A particular problem in such applications is energy variation. That
is, not only will a speaker's voice intensity typically contain a
large dynamic range related to sentence inflection, but different
speakers will have different volume levels, and the same speaker's
voice level may vary widely at different times. Untrained speakers
are especially likely to use nonuniform uncontrolled variations in
volume, which the listener normally ignores. This large dynamic
range would mean that the voice coding method used must accommodate
a wide dynamic range, and therefore an increased number of bits
would be required for coding at reasonable resolution.

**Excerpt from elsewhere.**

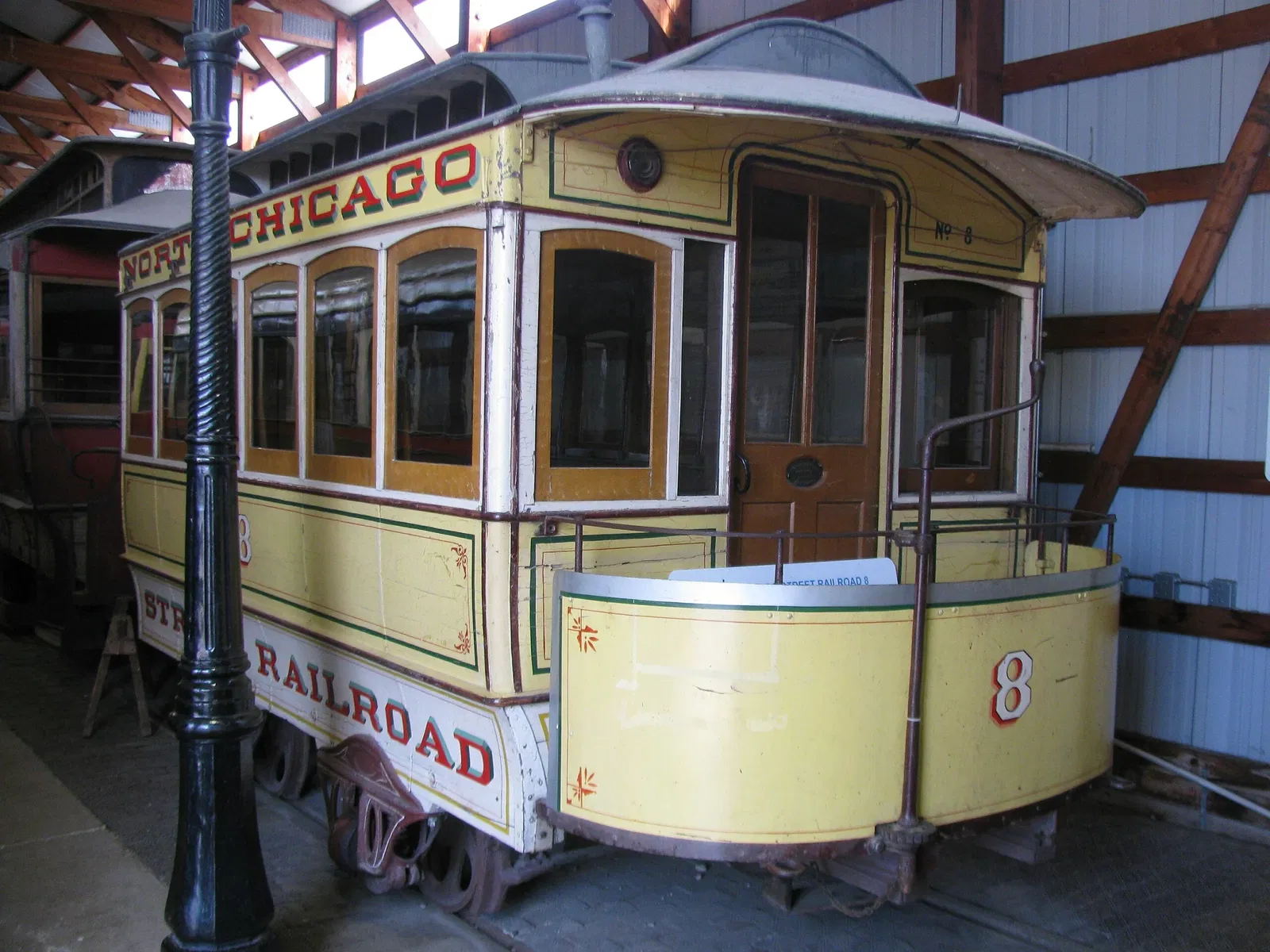 Illinois Railway Museum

However, if energy normalization can be used (i.e. all speech
adjusted to approximately a constant energy level) these problems
are ameliorated.
Energy normalization also improves the intelligibility of the
speech received. That is, the dynamic range available from audio
amplifiers and loudspeakers is much less than that which can easily
be perceived by the human ear. In fact, the dynamic range of
loudspeakers is typically much less than that of microphones. This
means that a dynamic range which is perfectly intelligible to a
human listener may be hard to understand if communicated through a
loudspeaker, even if absolutely perfect encoding and decoding is
used.
The problem of intelligibility is particularly acute with audio
amplifiers and loudspeakers which are not of extremely high
fidelity. However, compact low-fidelity loudspeakers must be used
in most of the most attractive applications for voice
analysis/synthesis, for reasons of compactness, ruggedness, and
economy.
A further desideratum is that, in many attractive applications, the
person listening to synthesized speech should not be required to
twiddle a volume control frequently. Where a volume control is
available, dynamic range can be analog-adjusted for each received
synthetic speech signal, to shift the narrow window provided by the
loudspeaker's narrow dynamic range, but this is obviously
undesirable for voice mail systems and many other applications.

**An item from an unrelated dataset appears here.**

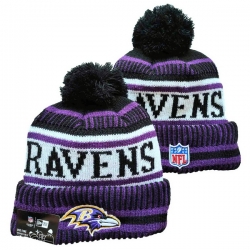 Baltimore Ravens Beanies 25G002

In the prior art, analog automatic gain controls have been used to
achieve energy normalization of raw signals. However, analog
automatic gain controls distort the signal input to the analog to
digital converter. That is, where (e.g.) reflection coefficients
are used to encode speech data, use of an automatic gain control in
the analog signal will introduce error into the calculated
reflection coefficients. While it is hard to analyze the nature of
this error, error is in fact introduced. Moreover, use of an analog
automatic gain control requires an analog part, and every
introduction of special analog parts into a digital system greatly
increases the cost of the digital system. If an AGC circuit having
a fast response is used, the energy levels of consecutive
allophones may be inappropriate. For example, in the word "six" the
sibilant /s/ will normally show a much lower energy than the vowel
/i/. If a fast-response AGC circuit is used, the
energy-normalized-word "six" is left with a sound extremely hissy,
since the initial /s/ will be raised to the same energy as the
i/i/, inappropriately. Even if a slower-response AGC circuit is
used, substantial problems still may exist, such as raising the
noise floor up to signal levels during periods of silence, or
inadequate limiting of a loud utterance following a silent
period.
Thus it is an object of the present invention to provide a digital
system which can perform energy normalization of voice signals.

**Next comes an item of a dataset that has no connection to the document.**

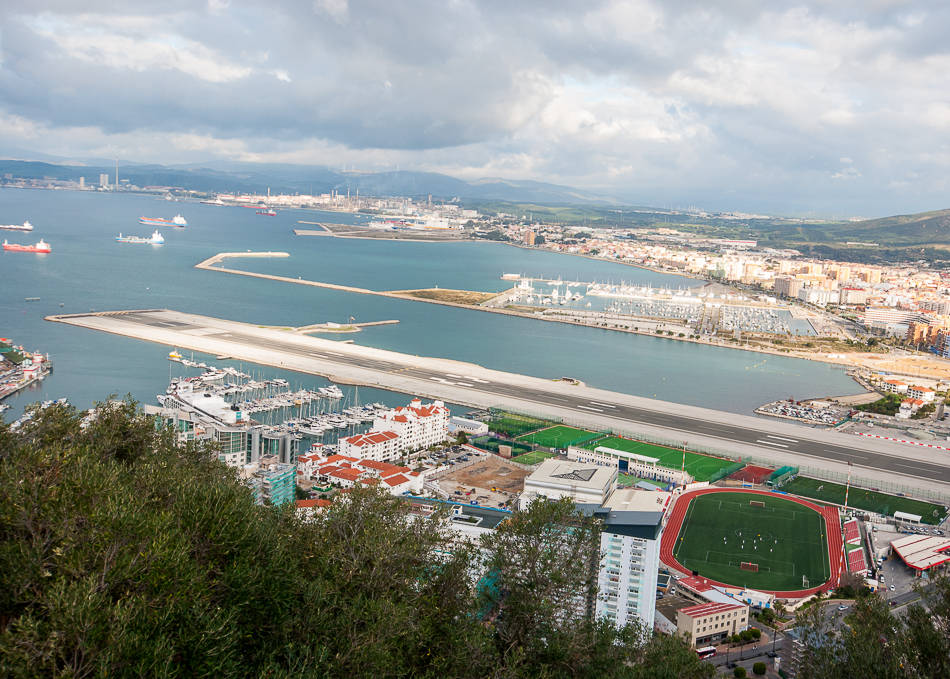 Airport - Gibraltar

It is further object of the present invention to provide a method
for energy normalization of voice signals which will not
overemphasize initial constants.
It is a further object of the present invention to provide a method
for energy normalization of voice signals which can rapidly respond
to energy variations in a speaker's utterance, without excessively
distorting the relative energy levels of adjacent allophones with
an utterance.
A further general problem with energy normalization is caused by
the existence of noise during silent periods. That is, if an energy
normalization system brings the noise floor up towards the expected
normal energy level during periods when no speech signal is
present, the intelligibility of speech will be degraded and the
speech will be unpleasant to listen to. In addition, substantial
bandwidth will be wasted encoding noise signals during speech
silence periods.
It is a further object of the present invention to provide a voice
coding system which will not waste bandwidth on encoding noise
during silent periods.
The present invention solves the problems of energy normalization
digitally, by using look-ahead energy normalization. That is, an
adaptive energy normalization parameter is carried from frame to
frame during a speech analysis portion of an analysis-synthesis
system. Speech frames are buffered for a fairly long period, e.g.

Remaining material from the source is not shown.